How to complete this task: For this task, output exactly the lines of the material below starting at the line with "Bota alta elastica" and ending at the line with "Akane Banashi Chap 23 - Next Chap 24"; pictures are to be excluded.
[[ Supplied records open ]]
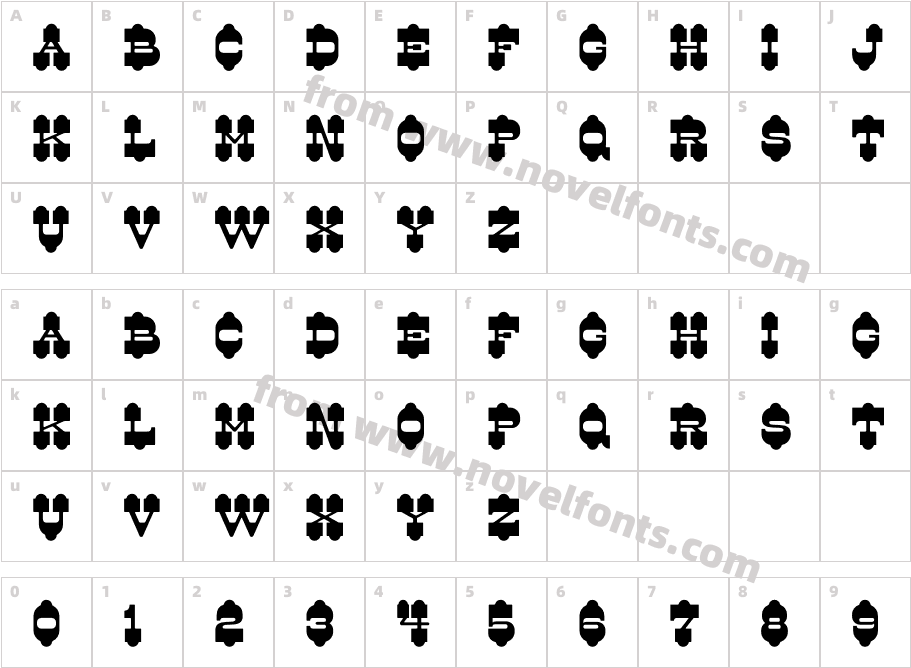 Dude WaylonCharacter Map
[[ Supplied records closed ]]
[[ Supplied records open ]]
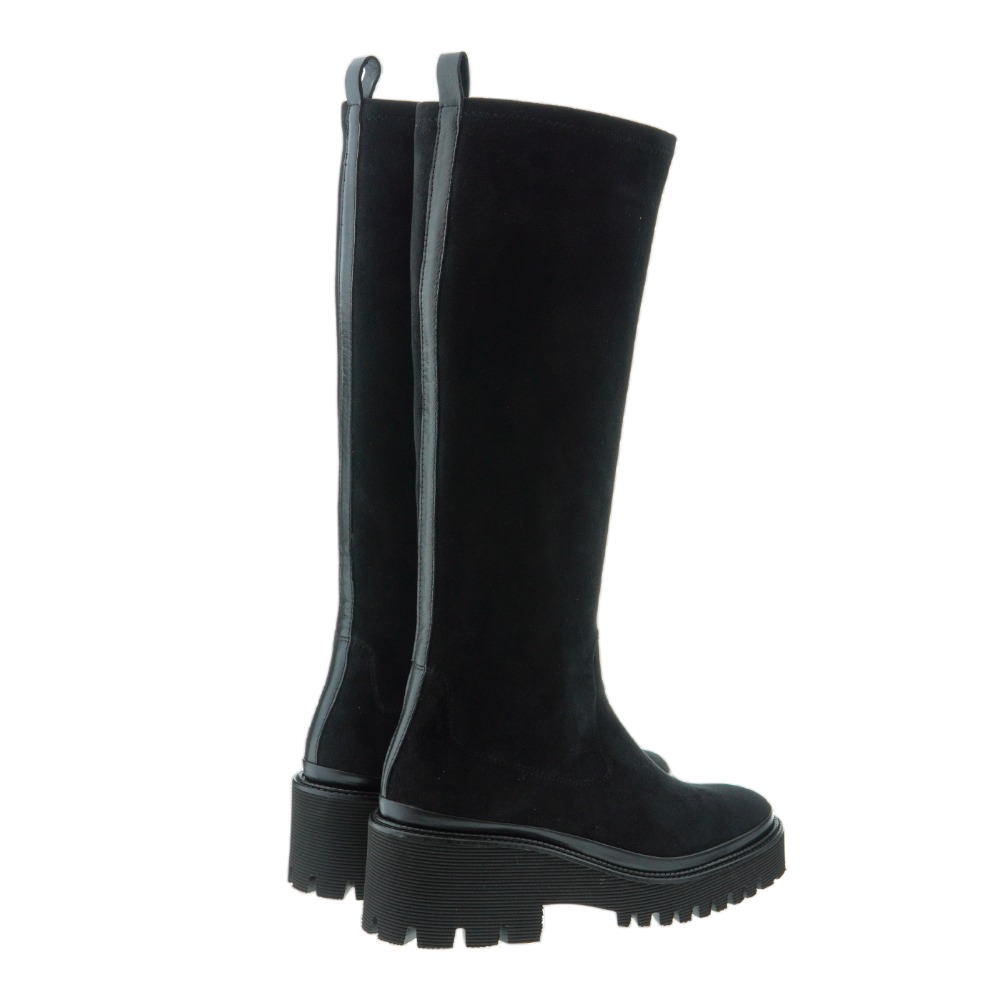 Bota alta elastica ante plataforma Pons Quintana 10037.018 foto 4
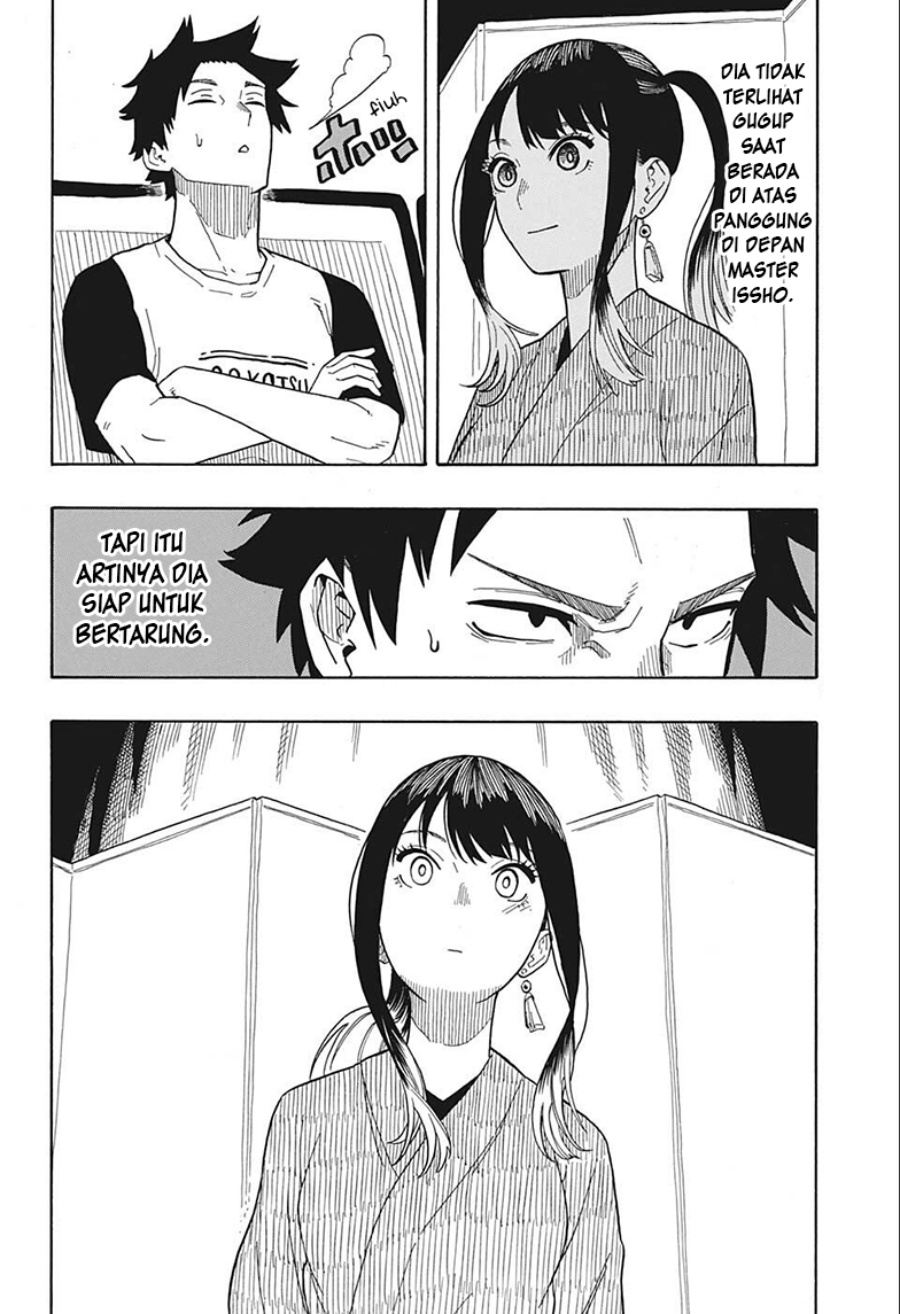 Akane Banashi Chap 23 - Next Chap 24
[[ Supplied records closed ]]
Problem solution:
 Bota alta elastica ante plataforma Pons Quintana 10037.018 foto 4
 Akane Banashi Chap 23 - Next Chap 24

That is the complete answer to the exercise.